Über die Wirksamkeit einer außerordentlichen Kündigung nach § 543 Abs. 1 BGB ist auf Grund einer umfassenden Interessenabwägung zu entscheiden (vgl. BGH, Urteil vom 15. September 2010 – XII ZR 188/08). Hierfür sind die Interessen des Kündigenden an der Vertragsbeendigung und die Interessen der anderen Vertragspartei an der Fortdauer des Mietverhältnisses zu ermitteln und zu bewerten (vgl. BGH, Urteil vom 15. September 2010 – XII ZR 188/08).
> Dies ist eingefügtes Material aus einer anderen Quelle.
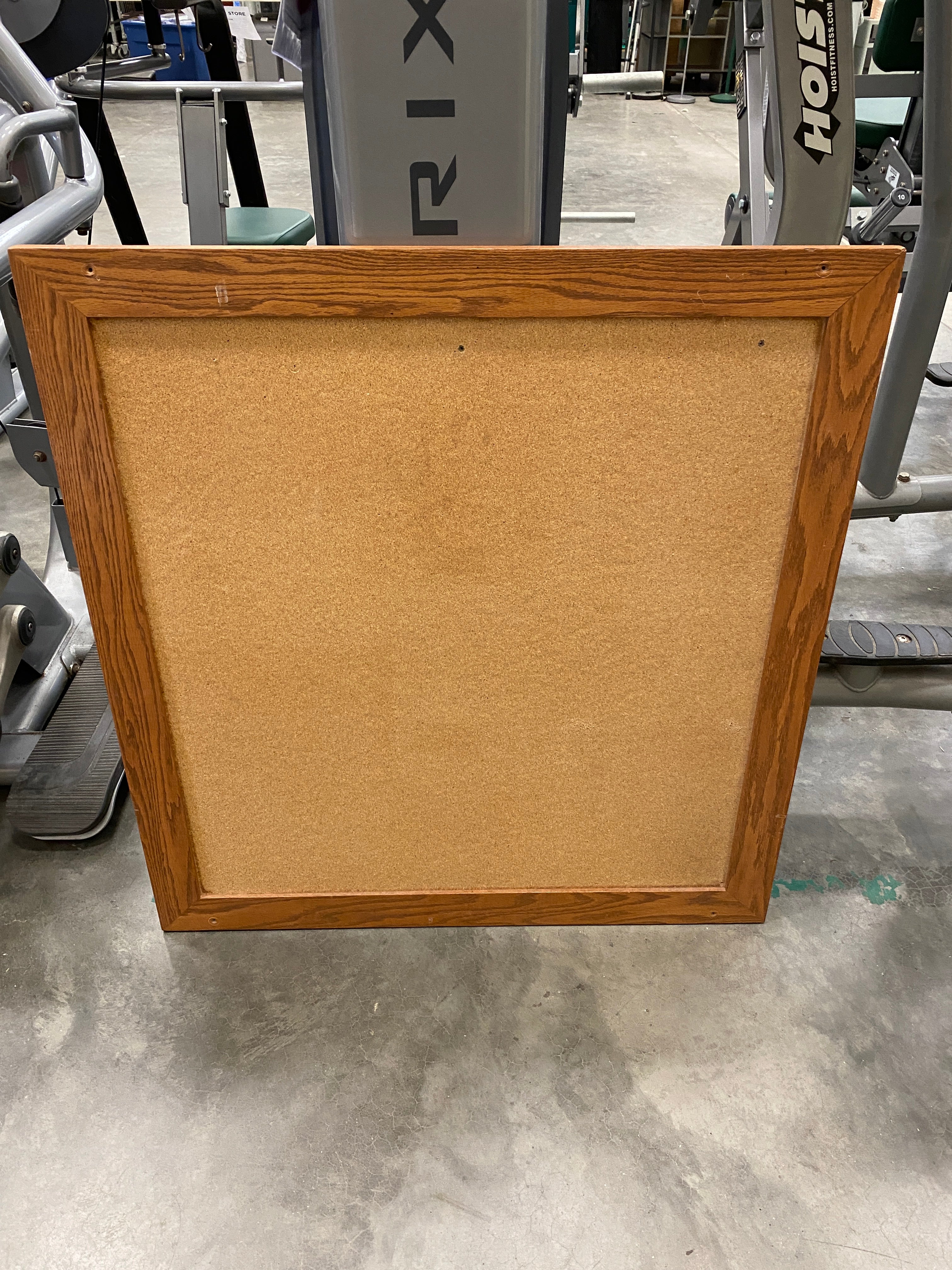 Bulletin Board With Wooden Frame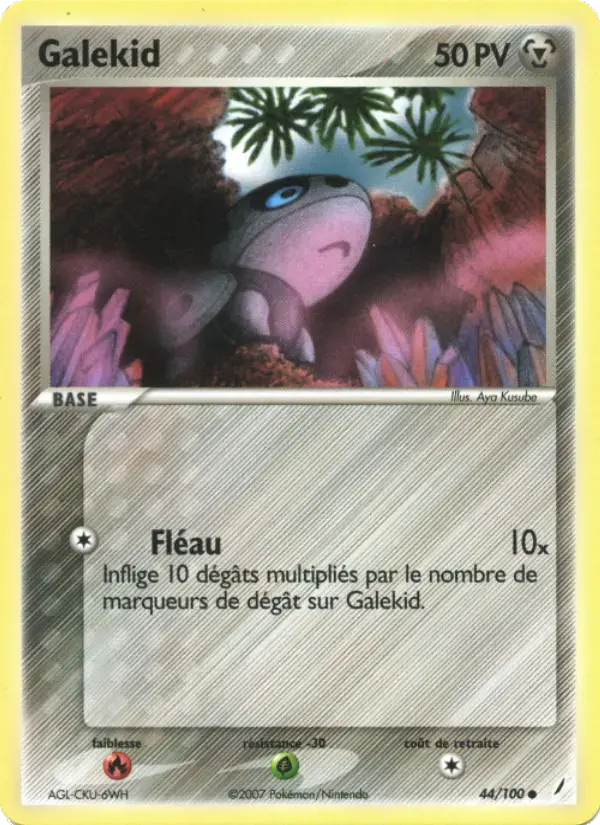 Carte Pokémon Galekid #44 — Gardiens de Cristal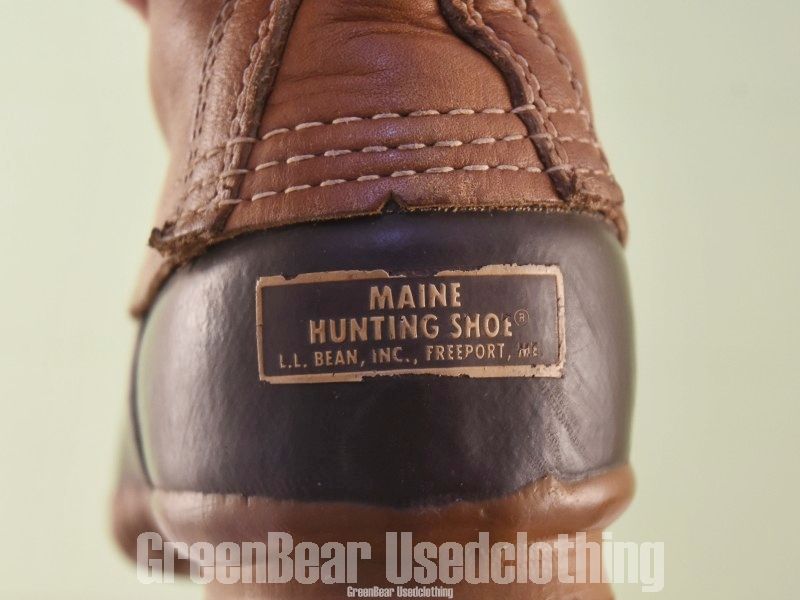  D 028 L.L.Bean ビンテージ ビーンブーツ 裏地付き 茶 メンズ 8 M 26 cm その他 靴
Der von der Klagepartei geschilderte Vorfall ist, wie oben dargelegt, geeignet, die außerordentliche Kündigung zu rechtfertigen, weil er auf eine nachhaltige Zerrüttung des Vertrauensverhältnisses zwischen den Parteien schließen lässt. Der Vorfalls steht zur Überzeugung des Gerichts fest. Der Beklagte zu 2) hat eine vorsätzliche und erhebliche Vertragsverletzung begangen, als er den Kläger bei der Polizei fälschlich einer Straftat bezichtigte. Demgegenüber wiegen die Interessen der Beklagten an eine Vertragsfortsetzung nicht ebenso schwer. Zwar sind die Beklagten, gerade mit ihrem schwerbehinderten Sohn, auf den Wohnraum dringend angewiesen und es wird ihnen amtsbekannt schwerfallen, Ersatzwohnraum zu erlangen. Weiterhin sind die Parteien verwandt, was ebenfalls zugunsten der Beklagten berücksichtigt werden muss. Dies kann jedoch das festgestellte sinnlose vorsätzliche Verhalten des Beklagten zu 2) nicht in einem milderen Licht erscheinen und die Interessenabwägung zu Gunsten der Beklagten ausfallen lassen. Er hat mit der Anzeige keine berechtigten Interessen wahrgenommen und kann sein Verhalten auch sonst nicht entschuldigen.

c) Eine Abmahnung des Vertragsverstoßes war nach § 543 Abs. 3 BGB entbehrlich. Erfolgt, wie hier, eine außerordentliche Kündigung wegen der Zerstörung der das Schuldverhältnis tragenden Vertrauensgrundlage, bedarf die Kündigung keiner vorherigen Abmahnung. Zwar ist eine solche nach § 543Abs. 3 Satz 1 BGB grundsätzlich Voraussetzung, falls das Mietverhältnis wegen der Verletzung einer Pflicht aus dem Mietvertrag außerordentlich gekündigt werden soll. Bei einer Zerrüttungskündigung ist eine Abmahnung jedoch ausnahmsweise entbehrlich, weil die Vertrauensgrundlage auch durch eine Abmahnung nicht wiederhergestellt werden könnte (vgl. BGH, Urteil vom 15. September 2010 – XII ZR 188/08).”